Ncube also said the country would establish a monetary policy committee within a month that will cut interest rates, begin selling bonds with maturities of as long as 30 years, and proceed with a plan to privatise everything from state telecoms companies to timber plantations.

By settling arrears with multilateral lenders, the nation hopes to access the finance it needs to revive the economy.

Ncube, a Cambridge University-trained economics professor, has reined in state spending and boosted tax revenue. Still, the introduction of a new currency in June, accompanied by a ban on the use of the dollar, has seen the rapid erosion of spending power with the Zimbabwe dollar (Zim dollar) now trading at almost 10 to the dollar after its predecessor, a quasi-currency known as bond notes, was officially said to be at parity as recently as February.

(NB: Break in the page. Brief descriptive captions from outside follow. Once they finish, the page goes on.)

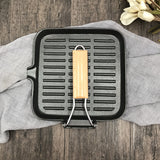 Cast Iron Camping Steak Skillet Folding Handle Grill Pan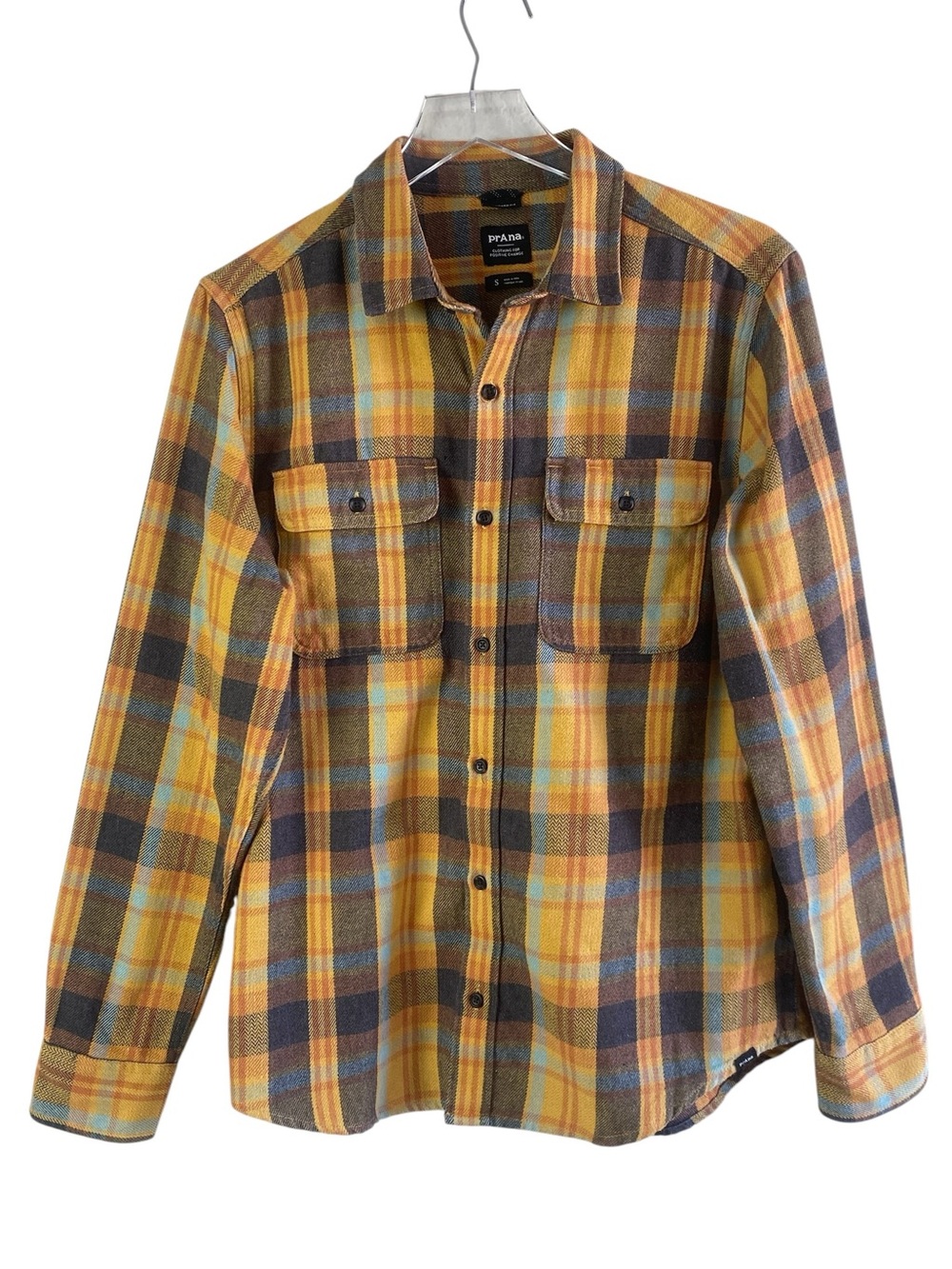 PrAna Westbrook Flannel Shirt Color Sunray Plaid Size S - Picture 2 of 6
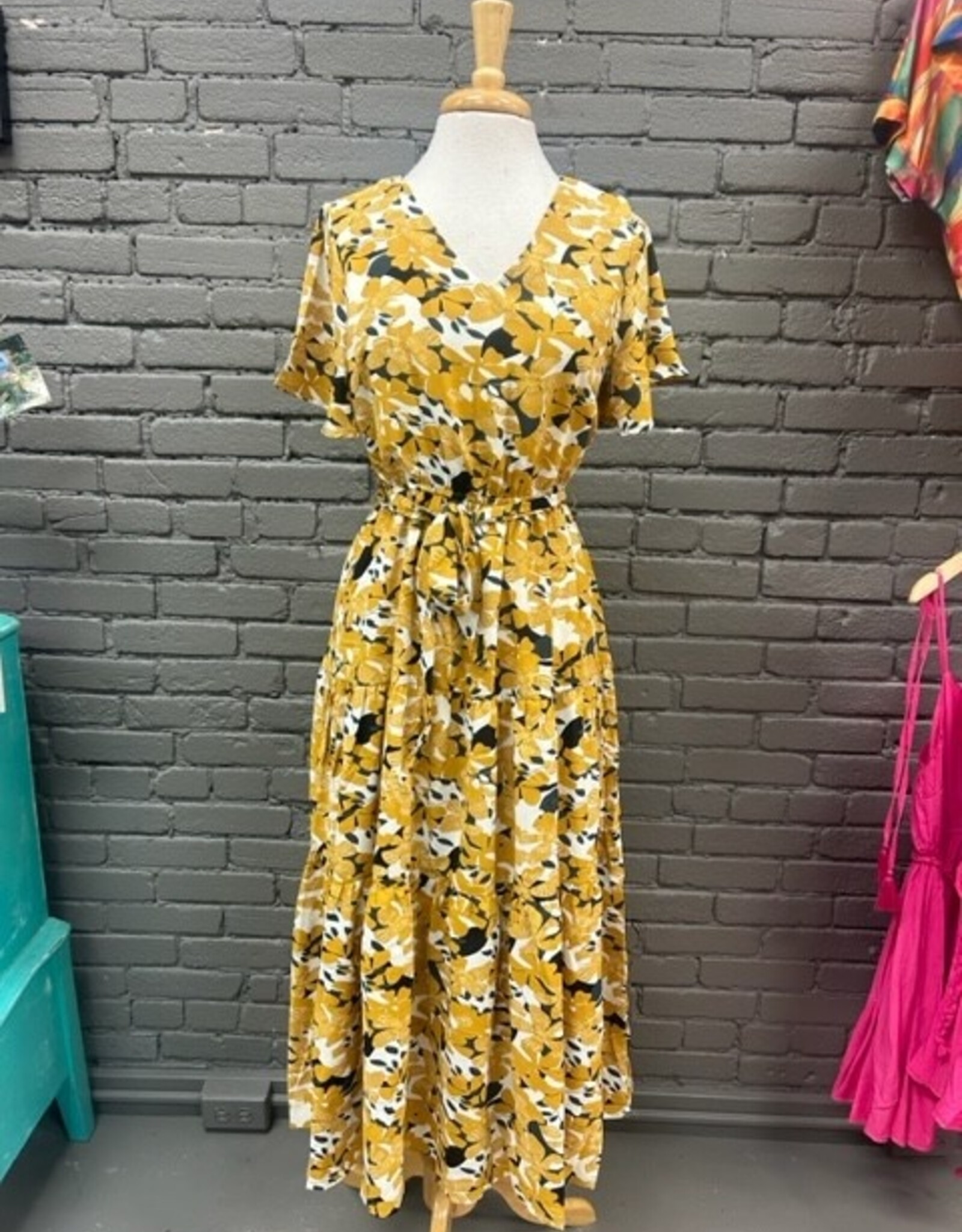 Dress Vera Mustard Floral Midi Dress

Now many of the country's 400,000 civil servants, who form the bulk of the middle-class, are earning less than the $1.90 a day defined by the World Bank as the line below which people are living in extreme poverty.

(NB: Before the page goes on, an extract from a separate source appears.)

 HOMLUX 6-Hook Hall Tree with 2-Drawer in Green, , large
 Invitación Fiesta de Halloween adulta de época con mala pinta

Annual inflation, the release of which has been suspended for six months, is officially 176% and shortages of fuel and bread are widespread. The government's inability to pay for adequate electricity imports has crippled the economy with power outages of as long as 18 hours a day. The measures, which Ncube conceded are painful for citizens, are necessary if the country is to regain a sound economic footing, he said.

Fiscal victory

"We can declare victory on the fiscal front," Ncube said in an interview on Thursday in Harare. "Everything that I say, I implement."

Under a debt-settlement plan, which Ncube said he's discussing with creditors, Zimbabwe would complete an International Monetary Fund (IMF) staff-monitored programme in January. It would then:

Borrow the $1.9bn it owes the World Bank and the African Development Bank from the G7 industrialised nations.

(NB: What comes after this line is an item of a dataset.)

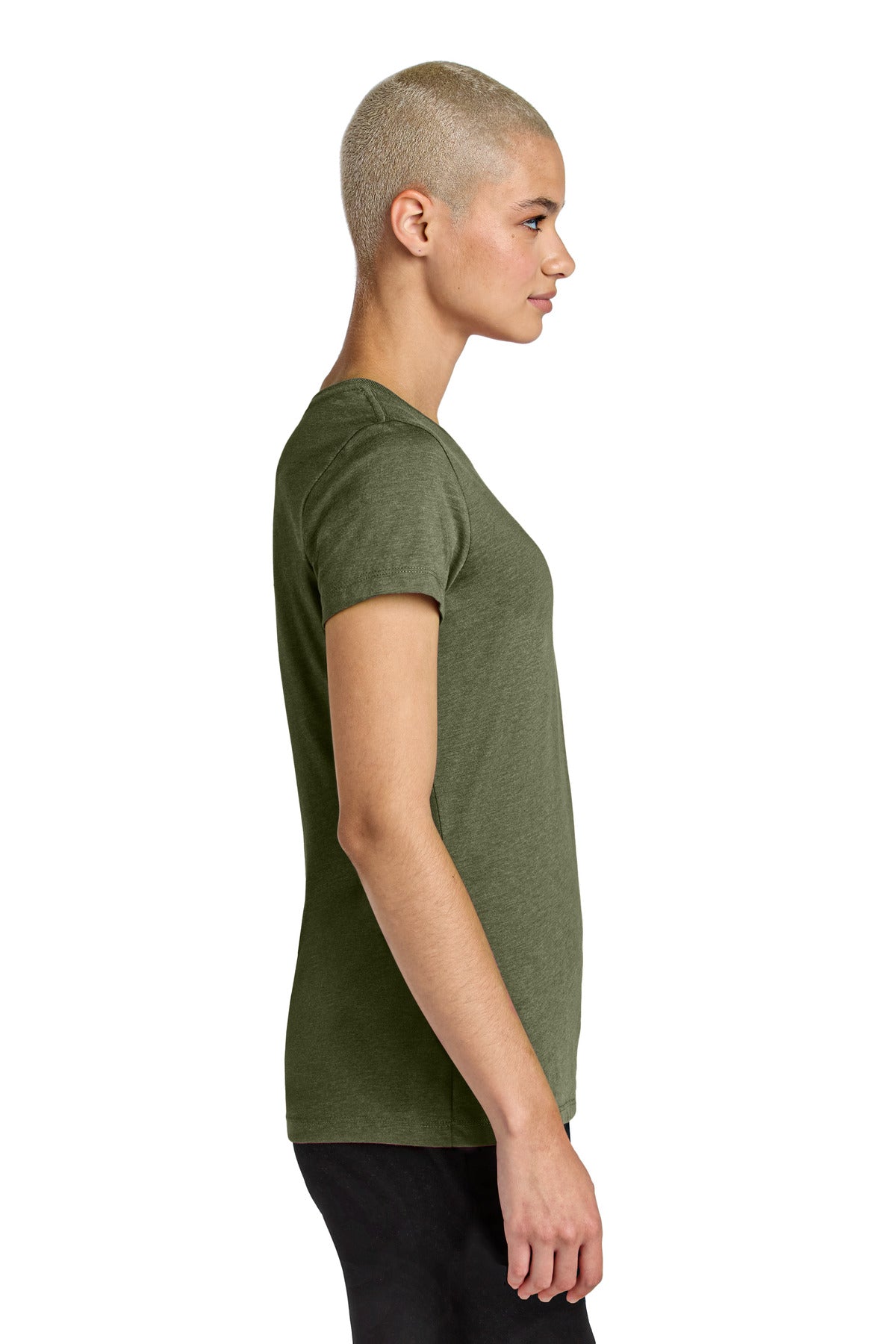 MilGrnHtr District Women's Perfect Weight CVC Tee DT188 plain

Immediately win $1bn in relief from the two lenders, which would be paid back to the G7 creditors.

Expect so-called Paris Club creditors, to whom it owes $3.8bn in bilateral debt, to take a "haircut".

Zimbabwe's total external debt is $9bn, which includes commercial loans.

IMF resident representative Patrick Imam said conditions are not yet in place for the fund to provide financial support for Zimbabwe. The IMF's staff-monitored programme is being used to support economic and governance reforms in the country.

"Zimbabwe needs to build a track record to prove it can implement reforms to tackle deep-rooted problems, as the hurdle rate for a financially supported programme is high," Imam said in an e-mailed response to questions.

To regularise the nation's monetary system, Ncube said the authorities will establish a nine-member monetary policy committee within a month that will reduce interest rates from 50%. Within 12 to 18 months, the nation plans to sell domestic bonds with a duration of as long as 30 years to fund infrastructure. In time, it will approach international markets, he said.

'Economic gobbledegook'

While Ncube has won praise for imposing financial discipline on a notoriously profligate government, his statements on inflation strained the credulity of some analysts. He said annual inflation data showed that wages haven't adjusted quickly enough to the new exchange rate, and not that the country is heading for hyperinflation.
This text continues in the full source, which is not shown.